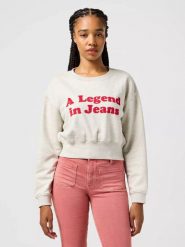 DAMSKA BLUZA WRANGLER RELAXED SWEATSHIRT OAT 112362582. Bluzy bez kaptura damskie Wrangler, xs. Za 149.99 zł.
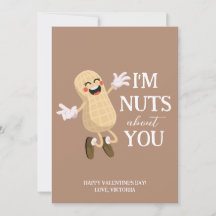 ik ben gek op jou valentijnsdag pinda's humor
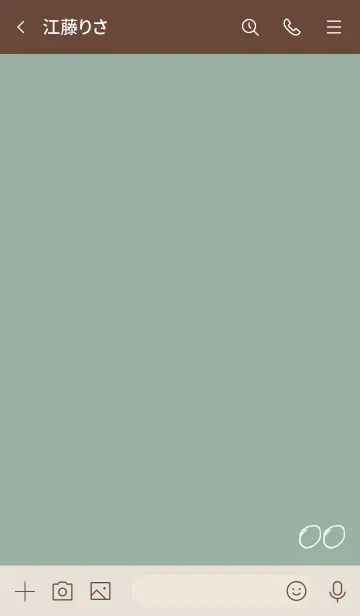 [LINE着せ替え] ベージュとカーキ : numberの画像3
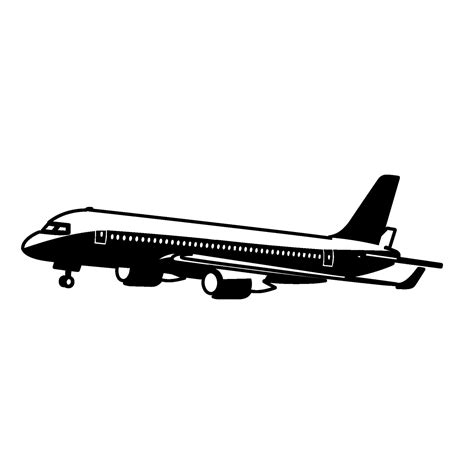 Airplane silhouette vector clipart 29565156 Vector Art at Vecteezy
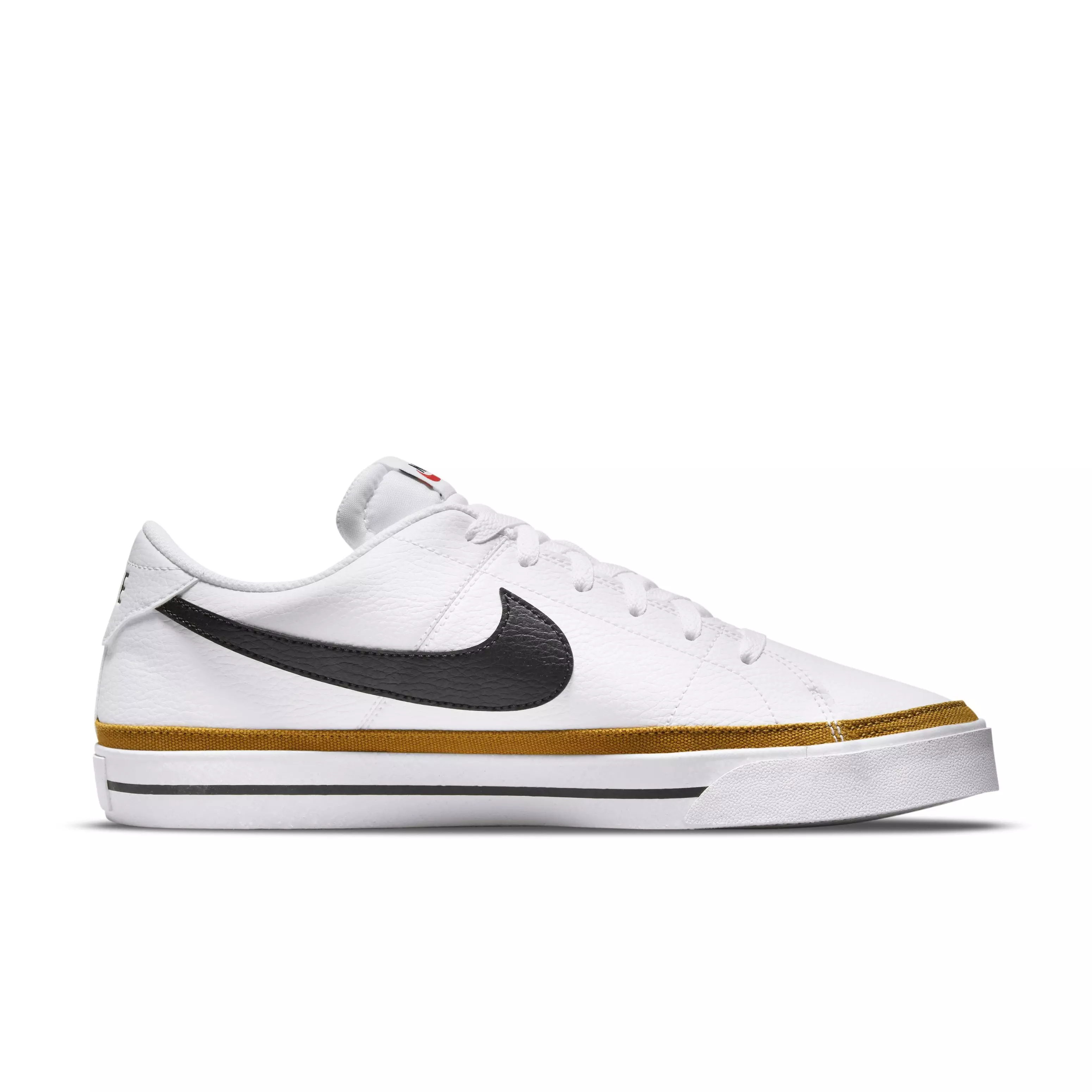 Nike Court Legacy White/Black/Desert Ochre Men's Shoe - Hibbett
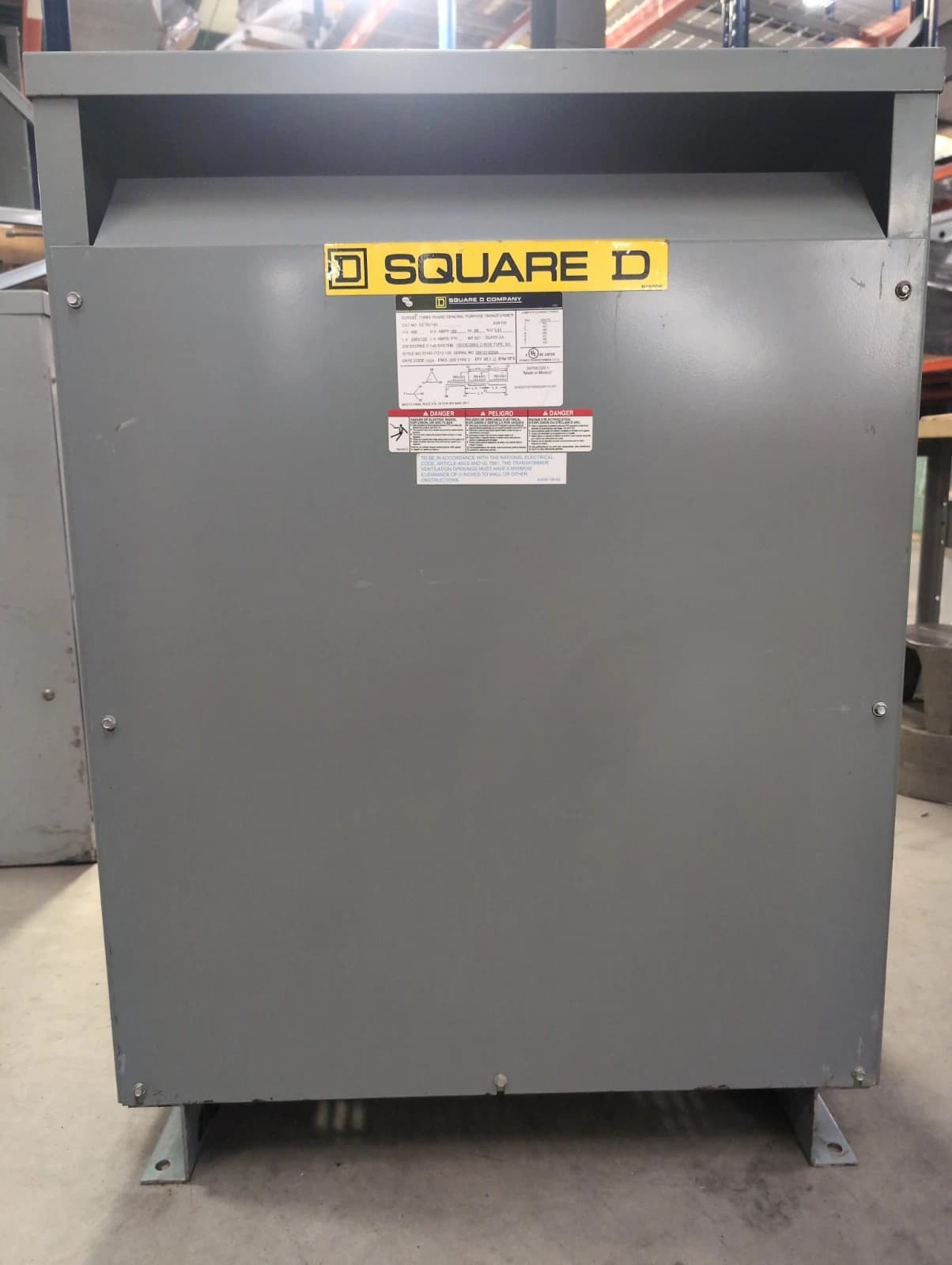 150KVA Square D Transformer EE150T3H 3PH Pri 480V Sec 208/120V 60Hz Indoor – image 1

Goal of the exercise:
The required output is the listing above reproduced exactly, pictures removed.

Written solution:
 DAMSKA BLUZA WRANGLER RELAXED SWEATSHIRT OAT 112362582. Bluzy bez kaptura damskie Wrangler, xs. Za 149.99 zł.
 ik ben gek op jou valentijnsdag pinda's humor
 [LINE着せ替え] ベージュとカーキ : numberの画像3
 Airplane silhouette vector clipart 29565156 Vector Art at Vecteezy
 Nike Court Legacy White/Black/Desert Ochre Men's Shoe - Hibbett
 150KVA Square D Transformer EE150T3H 3PH Pri 480V Sec 208/120V 60Hz Indoor – image 1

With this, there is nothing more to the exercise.